Earlier on, @girish asked why one would want to turn off IP logging. I have given a very good reason.
Let's turn the question around: what business do I have logging the IP addresses of human rights activists on my server? Why do I need to collect this information?
-
@girish I hear what you're saying. At the same time, given that all requests to the various apps pass through nginx (if we just consider apps running on port 80/443 for now), isn't there an opportunity here to obfuscate the IP addresses with a fairly simple nginx config change?
VPN is certainly a good idea for these users too.
@tomw said in Turn off IP logging:
isn't there an opportunity here to obfuscate the IP addresses with a fairly simple nginx config change?
You can try adjusting the logs at
/etc/nginx/nginx.confper https://docs.nginx.com/nginx/admin-guide/monitoring/logging/ and see if it suits your needs. Currently, the nginx log file is overwritten on a Cloudron update. But it's a start to not log the IPs altogether. The apps also learn about the client IPs from X-Forwarded-* headers in/etc/nginx/application/*.But as mentioned, we haven't tested this from a security point of view at the platform level. Let us know what you find
-
Given the context, it's probably also worth noting that it's currently technically not really possible for Matrix to fully implement GDPR's Right of Erasure. See https://matrix.org/legal/privacy-notice/
That doesn't mean it isn't GDPR compliant, it is because they've made the technical limitations clear in that link above.
-
@jadudm so let me get this straight...because switching off IP address logging is not sufficient to protect against a determined nation-state actor, we're just going to leave it switched on?
Earlier on, @girish asked why one would want to turn off IP logging. I have given a very good reason.
Let's turn the question around: what business do I have logging the IP addresses of human rights activists on my server? Why do I need to collect this information?
@tomw Apologies; I wasn't trying to suggest you shouldn't do this. I was only trying to emphasize that there is an entire system/chain that leads to your server.
You might have:
- The nation-state working in tandem with local (or, are they state-owned?) ISPs to implement man-in-the-middle cert attacks, so that attempts to securely connect to your server are actually plain-text.
- The nation state, working with ISPs to compromise/log all traffic through DNS servers.
- ...
https://www.cisa.gov/news-events/alerts/2015/04/30/securing-end-end-communications
is an article that speaks to some of the kinds of things that you might have to do to begin securing end-to-end communications.
Ultimately, I really don't know.
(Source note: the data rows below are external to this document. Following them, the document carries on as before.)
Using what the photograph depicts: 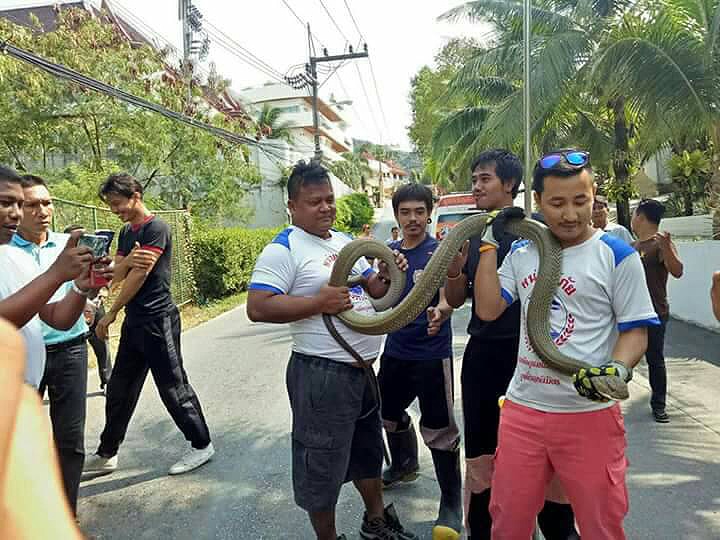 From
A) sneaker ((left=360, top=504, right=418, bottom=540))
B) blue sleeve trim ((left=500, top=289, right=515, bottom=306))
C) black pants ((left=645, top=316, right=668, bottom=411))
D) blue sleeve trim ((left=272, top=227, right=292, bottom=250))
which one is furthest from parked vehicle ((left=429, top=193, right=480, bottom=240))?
blue sleeve trim ((left=500, top=289, right=515, bottom=306))

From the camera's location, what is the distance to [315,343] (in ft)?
8.30

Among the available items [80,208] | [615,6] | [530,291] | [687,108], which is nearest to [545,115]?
[615,6]

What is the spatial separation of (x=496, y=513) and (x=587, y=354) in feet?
2.44

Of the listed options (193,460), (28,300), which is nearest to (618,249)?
(28,300)

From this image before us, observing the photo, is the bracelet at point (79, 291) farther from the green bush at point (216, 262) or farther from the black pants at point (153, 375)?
the green bush at point (216, 262)

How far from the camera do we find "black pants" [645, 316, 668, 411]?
455 centimetres

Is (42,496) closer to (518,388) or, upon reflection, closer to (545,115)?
(518,388)

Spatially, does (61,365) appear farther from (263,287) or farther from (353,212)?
(353,212)

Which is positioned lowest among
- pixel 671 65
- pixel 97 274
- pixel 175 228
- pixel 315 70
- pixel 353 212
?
pixel 97 274

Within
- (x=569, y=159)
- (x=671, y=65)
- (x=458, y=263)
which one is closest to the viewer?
(x=569, y=159)

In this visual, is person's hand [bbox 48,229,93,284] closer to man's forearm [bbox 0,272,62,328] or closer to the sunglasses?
man's forearm [bbox 0,272,62,328]

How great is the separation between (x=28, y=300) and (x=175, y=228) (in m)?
10.7

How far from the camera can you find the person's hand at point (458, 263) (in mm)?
2687

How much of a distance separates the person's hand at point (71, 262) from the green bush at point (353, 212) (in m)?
32.0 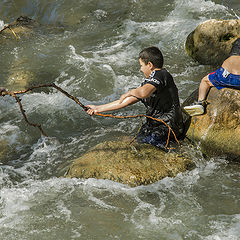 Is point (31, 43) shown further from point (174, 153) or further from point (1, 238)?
point (1, 238)

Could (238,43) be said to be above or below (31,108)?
above

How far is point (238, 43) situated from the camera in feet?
18.0

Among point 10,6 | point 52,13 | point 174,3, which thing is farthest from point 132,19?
point 10,6

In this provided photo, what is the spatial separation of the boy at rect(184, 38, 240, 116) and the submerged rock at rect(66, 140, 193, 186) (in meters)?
0.75

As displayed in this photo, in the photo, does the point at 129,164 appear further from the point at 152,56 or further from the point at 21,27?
the point at 21,27

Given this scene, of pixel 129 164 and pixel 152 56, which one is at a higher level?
pixel 152 56

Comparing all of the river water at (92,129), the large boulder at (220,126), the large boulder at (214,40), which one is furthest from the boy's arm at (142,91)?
the large boulder at (214,40)

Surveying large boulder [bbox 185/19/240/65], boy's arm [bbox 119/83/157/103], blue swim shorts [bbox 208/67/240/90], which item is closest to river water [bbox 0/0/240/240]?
large boulder [bbox 185/19/240/65]

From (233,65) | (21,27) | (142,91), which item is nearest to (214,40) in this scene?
(233,65)

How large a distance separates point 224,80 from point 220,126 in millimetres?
711

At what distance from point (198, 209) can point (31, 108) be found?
4.19 meters

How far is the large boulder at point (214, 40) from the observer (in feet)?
26.3

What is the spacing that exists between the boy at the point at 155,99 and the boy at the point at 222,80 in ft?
0.85

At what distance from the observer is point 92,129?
6590 millimetres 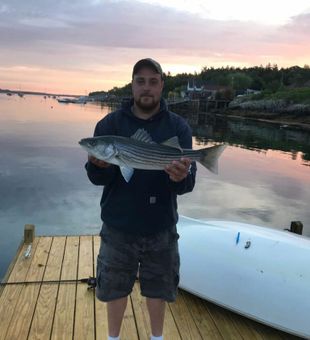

I'm just suggesting---YMMV, etc.---that this sounds like something with high stakes.
I wish you and your colleagues all the best of luck.
PS. https://www.cjr.org/tow_center_reports/guide_to_securedrop.php looks interesting as well. Again, it doesn't apply directly to your case, but speaks to the broad spectrum of design considerations that go into architecting and delivering secure systems, where "systems" means "a combination of technology and people."